Group Replication's failure detection mechanism is designed to identify group members that are no longer communicating with the group, and expel them as and when it seems likely that they have failed. Having a failure detection mechanism increases the chance that the group contains a majority of correctly working members, and that requests from clients are therefore processed correctly.
Normally, all group members regularly exchange messages with all other group members. If a group member does not receive any messages from a particular fellow member for 5 seconds, when this detection period ends, it creates a suspicion of the fellow member. When a suspicion times out, the suspected member is assumed to have failed, and is expelled from the group. An expelled member is removed from the membership list seen by the other members, but it does not know that it has been expelled from the group, so it sees itself as online and the other members as unreachable.
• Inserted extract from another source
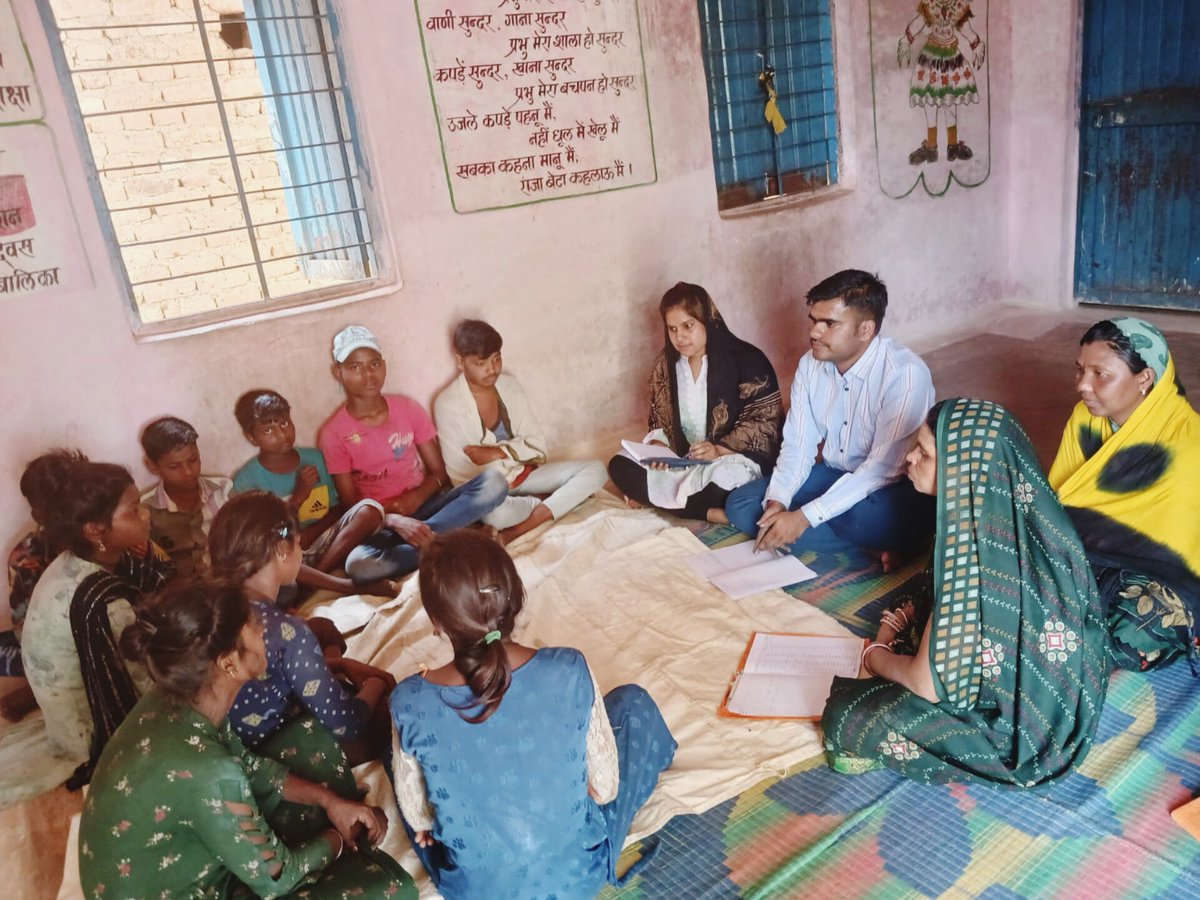 RKSK Program के अंतर्गत 10-19 वर्ष के बच्चों से संपर्क कर स्वास्थ्य संबंधी जानकारी दी गई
If the member has not in fact failed (for example, because it was just disconnected due to a temporary network issue) and it is able to resume communication with the other members, it receives a view containing the information that it has been expelled from the group.
The responses of group members, including the failed member itself, to these situations can be configured at a number of points in the process. By default, the following behaviors happen if a member is suspected of having failed:
In MySQL 9.1, when a suspicion is created, a waiting period of 5 seconds is added before the suspicion times out and the suspected member is liable for expulsion.
If an expelled member resumes communication and realises that it was expelled, it automatically makes three attempts to rejoin the group (with 5 minutes between each attempt); if this auto-rejoin procedure does not work, it then stops trying to rejoin the group.
When an expelled member is not trying to rejoin the group, it switches to super-read-only mode and awaits operator attention.
You can use the Group Replication configuration options described in this section to change these behaviors either permanently or temporarily, to suit your system's requirements and your priorities. If you are experiencing unnecessary expulsions caused by slower networks or machines, networks with a high rate of unexpected transient outages, or planned network outages, consider increasing the expel timeout and auto-rejoin attempts. While a member is undergoing any of the default behaviors described previously, although it does not accept writes, reads can still be performed if the member is still communicating with clients, with an increasing likelihood of stale reads over time. If avoiding stale reads is a higher priority for you than avoiding operator intervention, consider reducing the expel timeout and auto-rejoin attempts or setting them to zero.
Members that have not failed might lose contact with part, but not all, of the replication group due to a network partition. For example, in a group of 5 servers (S1, S2, S3, S4, S5), if there is a disconnection between (S1, S2) and (S3, S4, S5) there is a network partition. The first group (S1, S2) is now in a minority because it cannot contact more than half of the group. Any transactions that are processed by the members in the minority group are blocked, because the majority of the group is unreachable, therefore the group cannot achieve quorum. For a detailed description of this scenario, see Section 20.7.8, “Handling a Network Partition and Loss of Quorum”. In this situation, the default behavior is for the members in both the minority and the majority to remain in the group, continue to accept transactions (although they are blocked on the members in the minority), and wait for operator intervention. This behavior is also configurable.
Note that where group members are at an older MySQL Server release
that does not support a relevant setting, or at a release with a
different default, they act towards themselves and other group
members according to the default behaviors stated above. For
example, a member that does not support the
group_replication_member_expel_timeout
system variable expels other members as soon as an expired
suspicion is detected, and this expulsion is accepted by other
members even if they support the system variable and have a longer
timeout set.